For Java users: use BranchIndexWriter directly.
For Maven/Gradle:
<dependency>
<groupId>org.replikativ</groupId>
<artifactId>scriptum</artifactId>
<version>0.1.1</version>
</dependency>
Java sources must be compiled before use:
clj -T:build compile-java
(require '[scriptum.core :as sc])
;; Create an index
(def writer (sc/create-index "/tmp/my-index"))
;; Add documents
(sc/add-doc writer {:title {:type :text :value "Hello World"}
:id {:type :string :value "doc-1"}})
(sc/commit! writer "Initial commit")
;; Search
(sc/search writer {:match-all {}} 10)
;; => [{:title "Hello World", :id "doc-1", :score 1.0}]
;; Fork a branch
(def feature (sc/fork writer "experiment"))
;; Add to branch (doesn't affect main)
(sc/add-doc feature {:title {:type :text :value "Branch only"}
:id {:type :string :value "doc-2"}})
(sc/commit! feature "Added experimental doc")

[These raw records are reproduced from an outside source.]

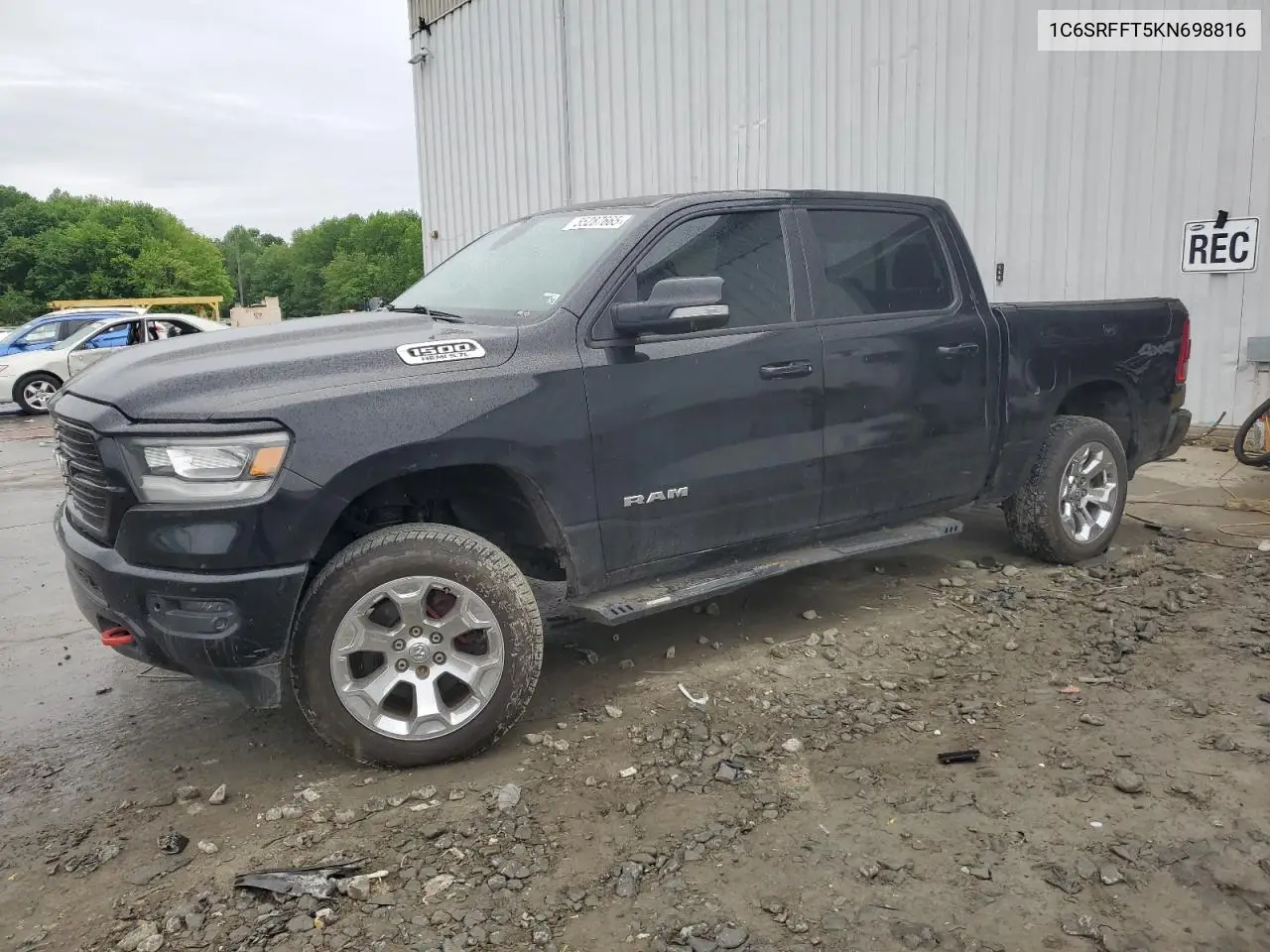 2019 Ram 1500 Big Horn/Lone Star VIN: 1C6SRFFT5KN698816 Lot: 55287665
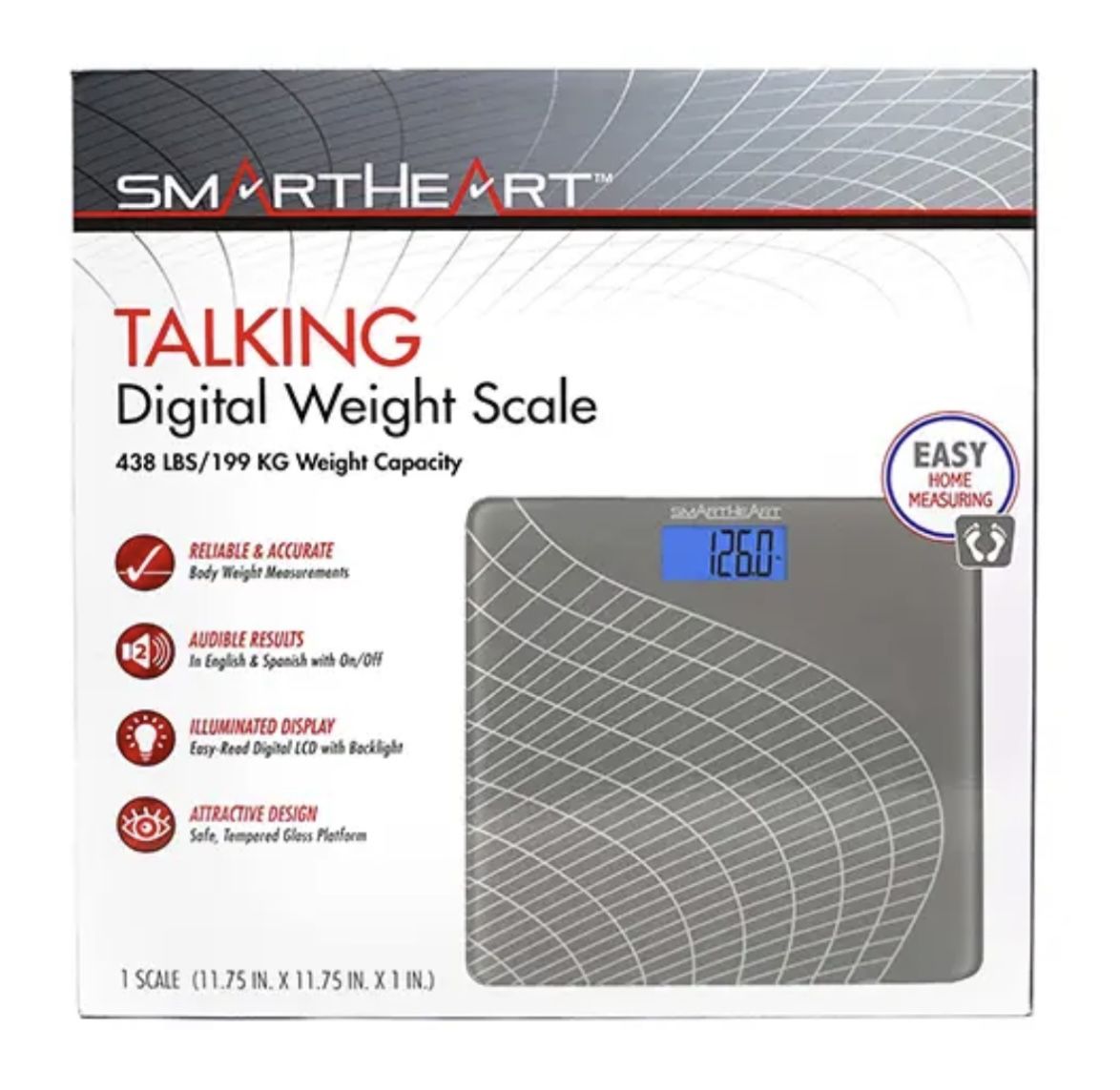 Smart Heart Talking Digital Weight Scale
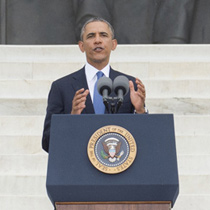 Obama: America More Free & Fair Because Of MLK, March 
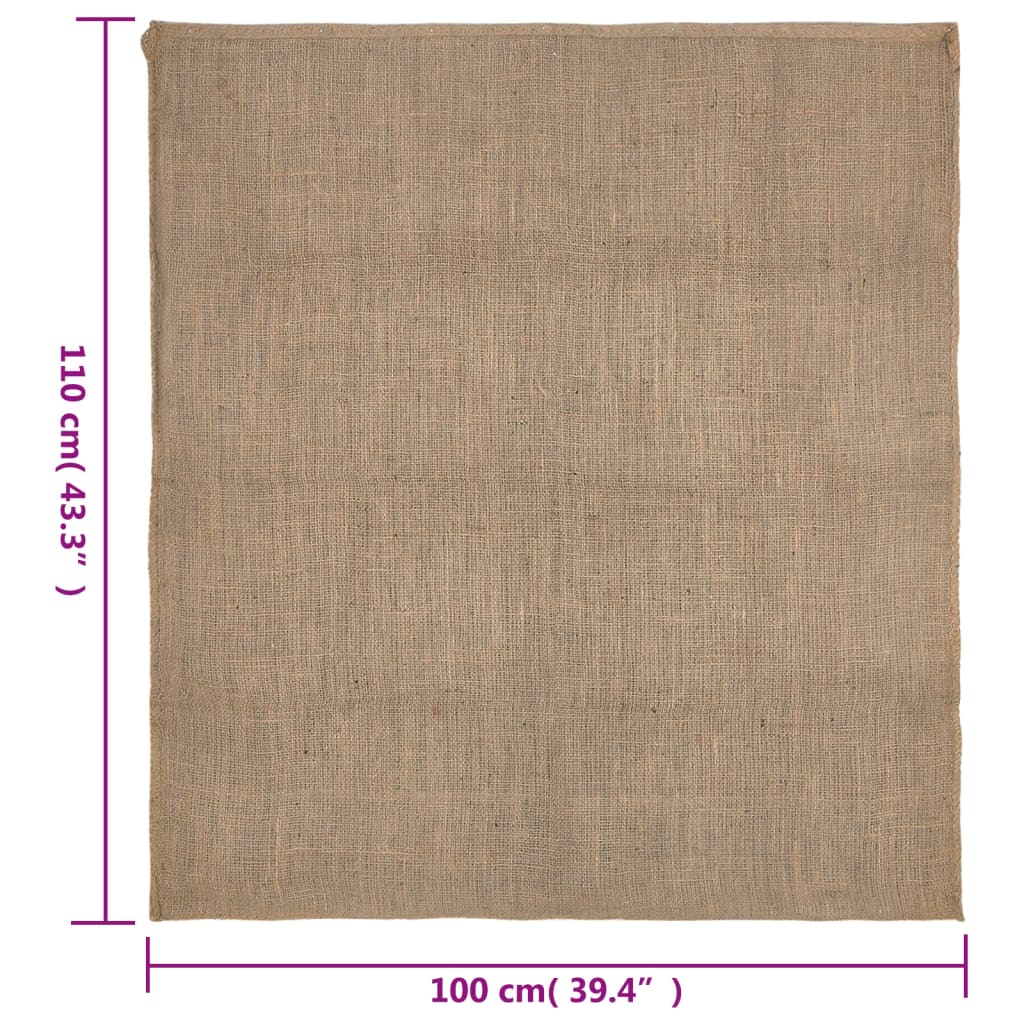 vidaXL Vreče iz jute 10 kosov 100x110 cm 100 % juta 220 gsm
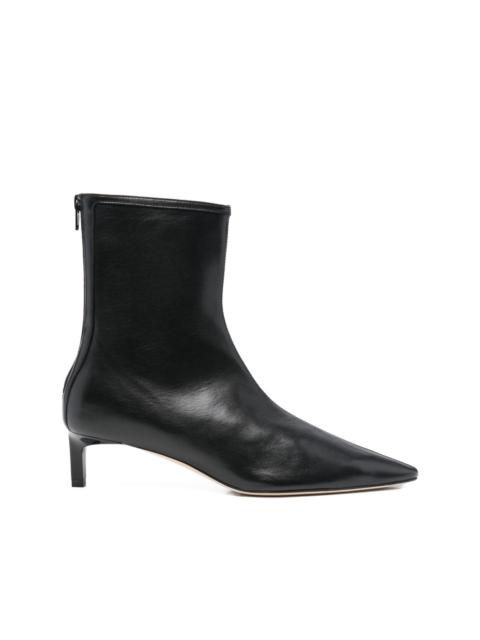 40mm pointed leather bootie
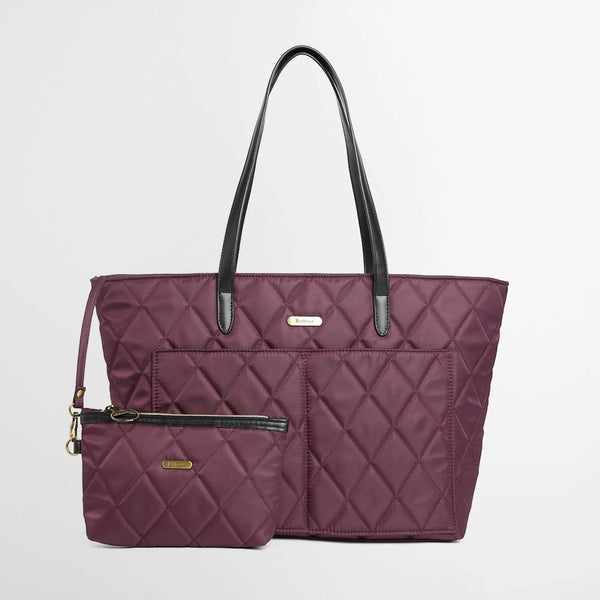 Barbour Women's Quilted Tote Bag in Fig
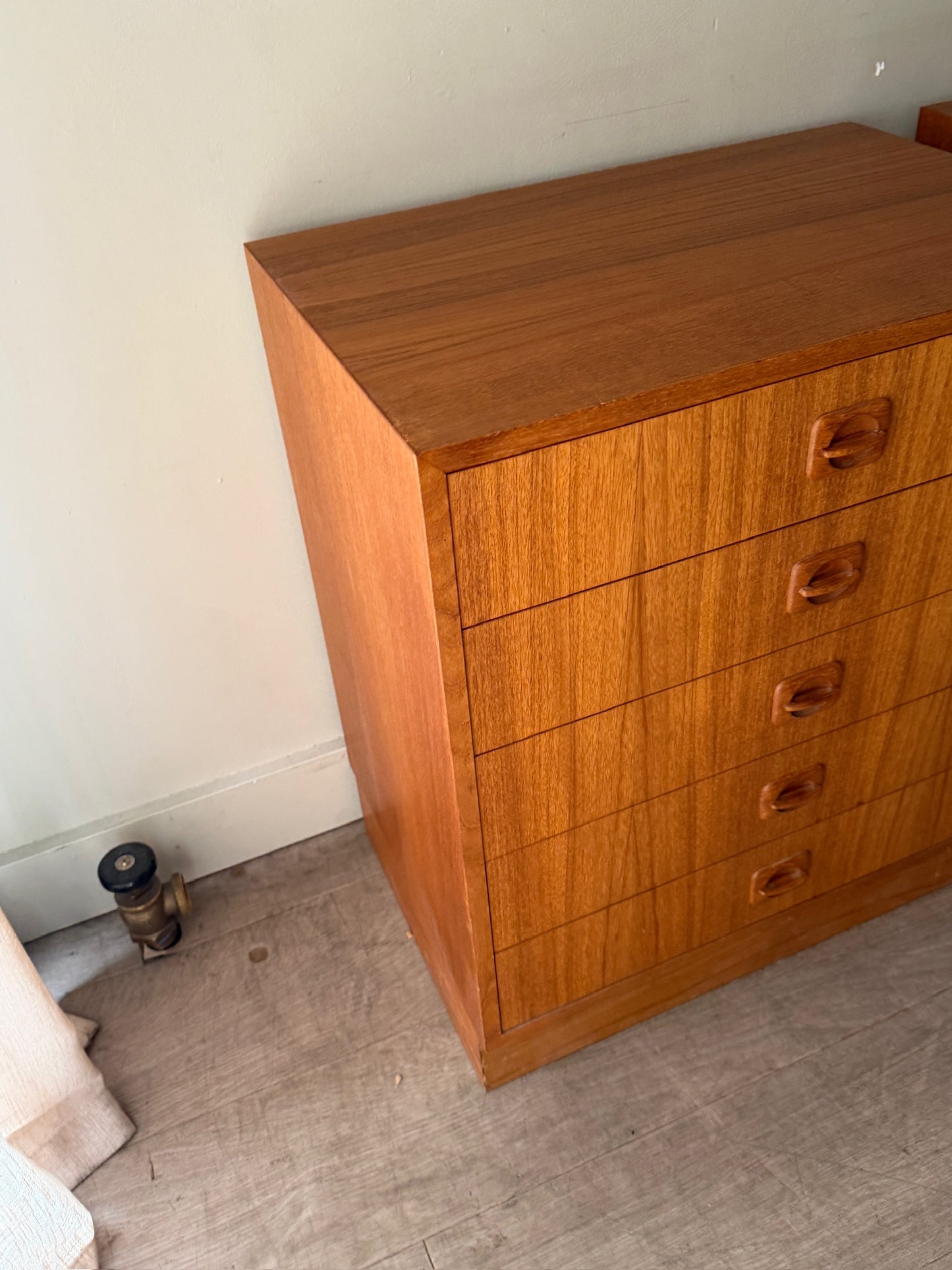Small Danish teak dressers. Sold individually.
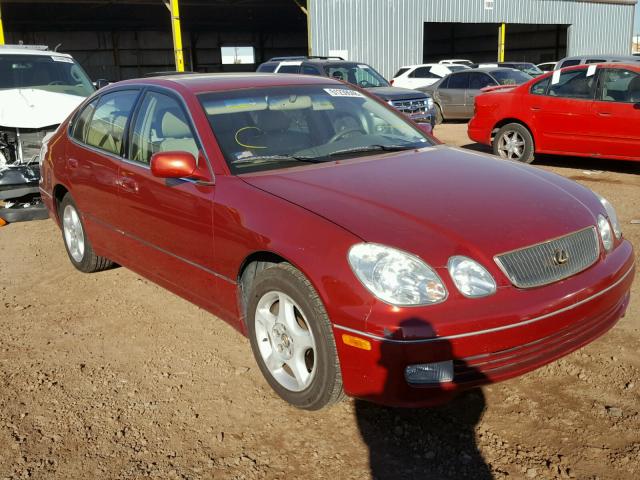 JT8BD68S8X0066486 - 1999 LEXUS GS 300 RED photo 1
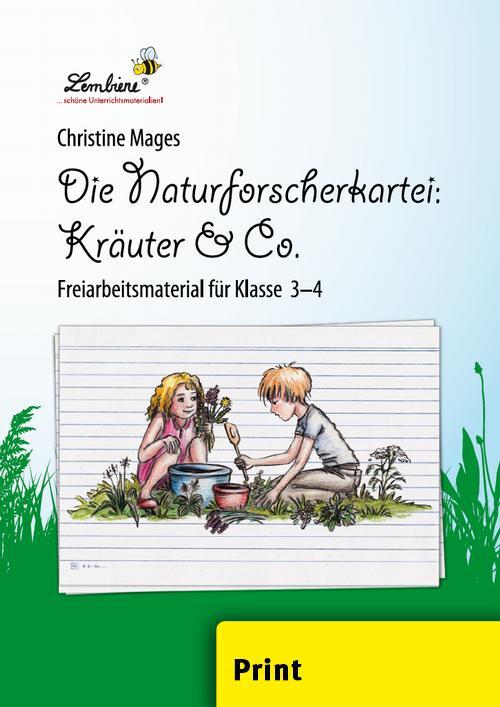 Cover: 9783869985626 | Die Naturforscher-Kartei: Kräuter &amp; Co. | Christine Mages | Broschüre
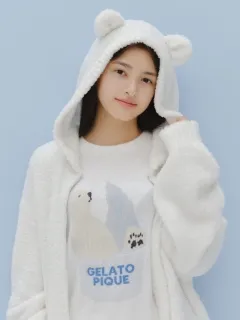 gelato pique/しろくまなりきりパーカ/パーカー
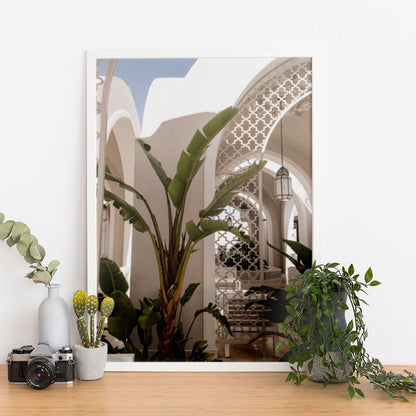 Wes Co Gallery Poster Moroccan Courtyard 11 x 17" Home Goods - Nature  Art Print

;; Main still has 1 doc, branch has 2
(count (sc/search writer {:match-all {}} 100)) ;; => 1
(count (sc/search feature {:match-all {}} 100)) ;; => 2
;; Merge branch back
(sc/merge-from! writer feature)
(sc/commit! writer "Merged experiment")
;; Cleanup
(sc/close! feature)
(sc/close! writer)
(sc/create-index path) ; create new index at path
(sc/open-branch path branch-name) ; open existing branch
(sc/fork writer "branch-name") ; fast fork from writer
(sc/close! writer) ; close writer and release resources
(sc/discover-branches path) ; => ["main" "feature" ...]
;; Accessors
(sc/num-docs writer) ; document count (excluding deletions)
(sc/max-doc writer) ; document count (including deletions)
(sc/branch-name writer) ; current branch name
(sc/base-path writer) ; index base path
(sc/main-branch? writer) ; true if this is the main branch
Field types: :text (analyzed, searchable), :string (exact match), :vector (float array for KNN).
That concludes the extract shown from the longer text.